As sacadas visuais, a montagem intuitiva além de explicativa e referencial do período histórico destacado, ganha algo maior do que um voice over; isso graças à personificação que o grande ator Stephen Rea faz de Casement.  

Viagem à Irlanda 

Aurélio Michiles já dirigiu filmes sobre Silvino Santos e Cosme Alves Neto.

Michiles conta que pensou a princípio em representar fisicamente Casement em seu filme-libelo, como uma borboleta que saiu do casulo onde estava escondida, rumo à liberdade – o que conecta perfeitamente com o fato de que Casement foi considerado traidor da coroa britânica no final da vida, sofrendo uma campanha difamatória e terminando preso na Torre de Londres, de onde saiu direto na forca.  
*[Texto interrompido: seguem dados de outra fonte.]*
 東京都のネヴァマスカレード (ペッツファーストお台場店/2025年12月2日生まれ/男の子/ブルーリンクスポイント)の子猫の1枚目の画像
Indo na Irlanda, Michiles soube o quando Casement também era escondido – sofreu uma campanha de difamação. Na tentativa de entender o pensamento do revolucionário e o estado de destrutiva permanência das coisas no colonialismo, o cineasta fez tudo por amor ao cinema e ao território onde nasceu, dirigindo um documentário – que tem a participação de almas afins como o escritor e amigo Milton Hatoum – que contém a força poética e política pela qual o mundo contemporâneo convulsionado clama.  

Confira a entrevista: 

Cine Set – Realizar um filme-diário que exalta a figura humanitária de Casement também é uma maneira de clamar por mais responsabilidade dos governos em relação a Amazônia?   
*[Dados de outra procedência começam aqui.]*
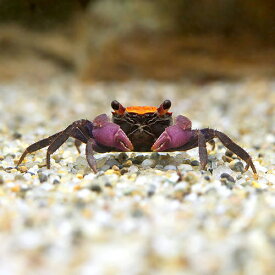 楽天市場 バンパイア クラブの通販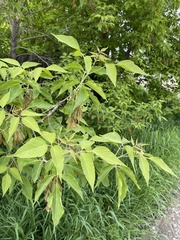 Acer negundo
Aurélio Michiles – Ao fazermos uma escolha temática para a produção de um documentário sobre a Amazônia, não se pode esquivar das ameaças que atingem essa região, especialmente, ao meio ambiente e às populações originárias que aí vivem.   

Os governos sempre refletem as pressões dos poderosos interesses que envolvem a ocupação e exploração dos recursos naturais, mas nenhum deles se mostrou tão subserviente e nefasto como o atual governo brasileiro, um verdadeiro inimigo do meio ambiente e dos povos originários. “Segredos do Putumayo” só reafirma a permanência dessa política nefasta que tem marcado a História da Amazônia.
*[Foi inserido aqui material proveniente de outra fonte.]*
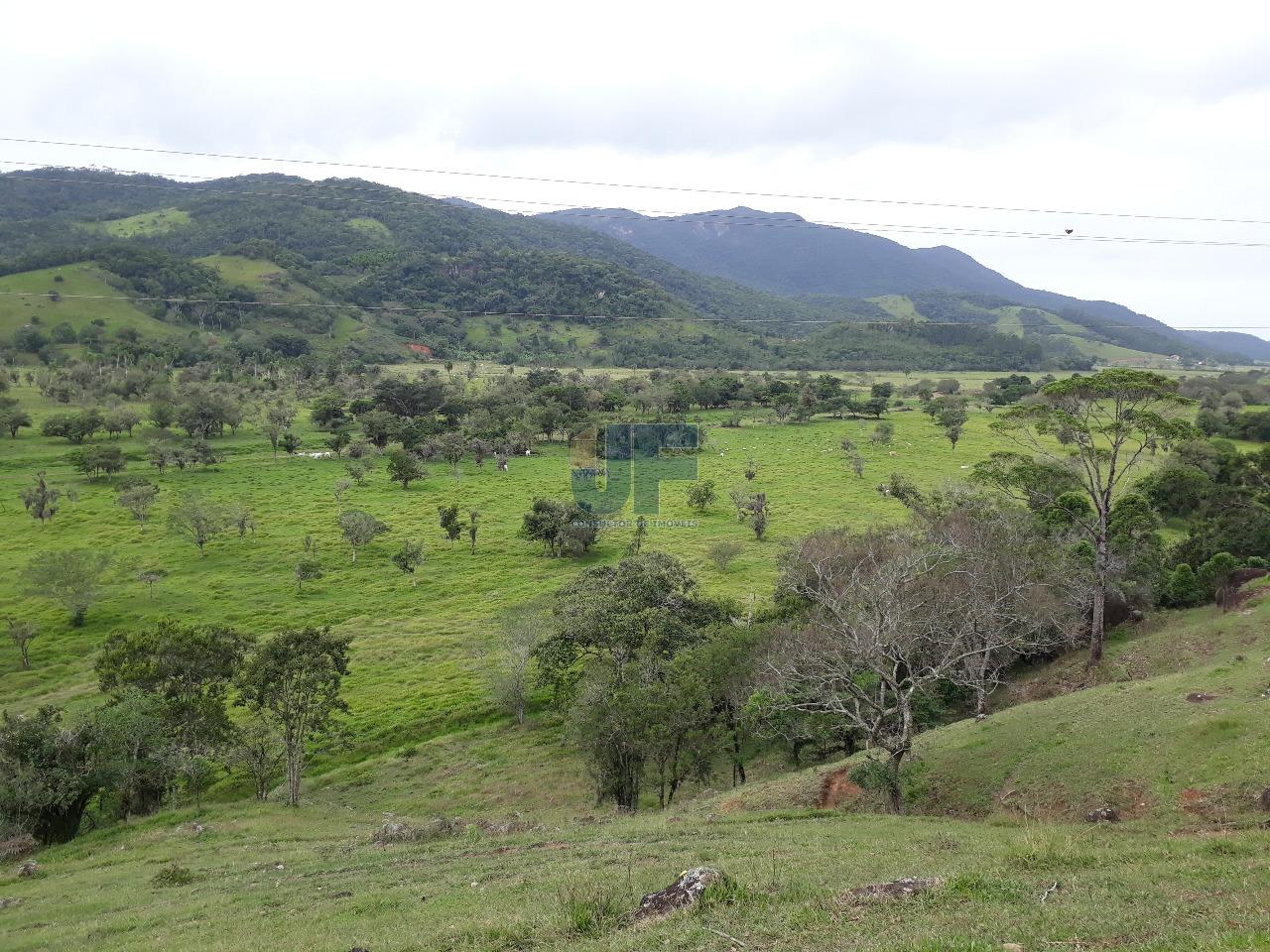 Fazenda, 53000 hectares - Foto 14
Cine Set – Como se constituiu a ideia de ficcionalizar Casement para trabalhar esse dispositivo do narrador personagem? 

Aurélio Michiles – Sempre gostei dessa mistura de ficção e documentário, penso que isso é a própria vida. A nossa existência é marcada por acontecimentos fictícios, produzidos pelo nosso imaginário, como pela realidade nua e crua. Um filme não poderia fugir dessa dinâmica transformadora.   

Em “Segredos do Putumayo”, a história contada é baseada em um diário escrito por um diplomata há mais de um século. Editado, este material tornou-se um livro com mais de 400 páginas, relatando fatos testemunhados ao longo de cinco meses.  

O desafio foi encontrar uma linguagem narrativa que não tornasse essa interpretação cênica do diário impresso em uma experiência audiovisual. Nisso, entra o narrador, no caso, o Stephen Rea: ele faz toda a diferença, dando nuances que nos faz compartilhar da longa jornada rio e selva amazônica adentro do cônsul-geral Roger Casement.   

Cine Set – Qual o legado que espera que este filme alcance?  

Aurélio Michiles – A Colômbia, onde aconteceu o massacre do Putumayo, é o país que mais persegue ativistas dos direitos humanos. As lutas das comunidades amazônicas por direitos à autodeterminação e justiça básica perduram diante das ondas selvagens do desenvolvimento econômico e de uma intolerância cultural e racial crescente.   

Eu espero que o filme seja visto, discutido, exibido. Recebi ontem a notícia de que houve uma exibição em La Chorrera através do link que enviamos e que ele será incluído como material nas escolas.